Inger Andersen, executive director of the United Nations Environment Programme, said that “the world is still far from meeting its climate goals. This year’s devastating forest fires, floods and droughts and other unfolding extreme weather events serve as powerful reminders for why we must succeed in tackling the climate crisis.”
In 2015, world leaders agreed to a climate change agreement called the ‘Paris Pact’. Countries agreed to try to cut emissions that are causing climate warming. Scientists say that a failure to meet those goals could cause the world’s temperatures to rise 2 to 4 degrees Celsius by the end of the century.
Many feel though that the Paris agreement is just lip service and that countries will not be able to meet their emission goals and many are not even trying.

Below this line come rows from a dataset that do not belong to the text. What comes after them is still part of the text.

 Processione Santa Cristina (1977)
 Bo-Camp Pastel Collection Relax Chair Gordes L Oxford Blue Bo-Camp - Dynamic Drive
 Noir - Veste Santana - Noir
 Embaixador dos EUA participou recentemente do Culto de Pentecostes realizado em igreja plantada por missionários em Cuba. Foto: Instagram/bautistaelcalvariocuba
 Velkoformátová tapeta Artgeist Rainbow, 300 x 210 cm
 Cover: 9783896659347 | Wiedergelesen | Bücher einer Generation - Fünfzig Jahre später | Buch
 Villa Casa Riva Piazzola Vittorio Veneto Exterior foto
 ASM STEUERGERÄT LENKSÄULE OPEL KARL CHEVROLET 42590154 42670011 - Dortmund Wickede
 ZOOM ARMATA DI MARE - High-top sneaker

And even if we do meet those goals, it may not be enough.
Michael Oppenheimer, a climate scientist and policy expert at Princeton University, said that “based on whether we have any prospect of meeting a 2°C target, from that point of view, it’s probably a D or an F.”
But many also feel that the Paris Pact is better than doing nothing at all. James Temple, senior editor at MIT Technology Review, in an article for MIT Technology Review, compares the failed Paris and Kyoto agreements to the Montreal Protocol agreement made in 1987. The Montreal agreement attempted to minimize the production of pollutants called chlorofluorocarbons which were found to damage the ozone layer. While ultimately the results of the global effort did not meet the stated and hoped for levels of pollutant reduction, Temple argues that the deliberate changes that countries did make were very beneficial and the world is much better off because of it. With determination, Temple says that we can again confront the problem directly.
Temple wrote that “the world shouldn’t wait around for innovations that will make it cheaper and easier to address climate change. Countries need to implement rules that increasingly ratchet down emissions, forcing industries to figure out cleaner ways of generating energy, growing food, producing products, and moving things and people around the world.”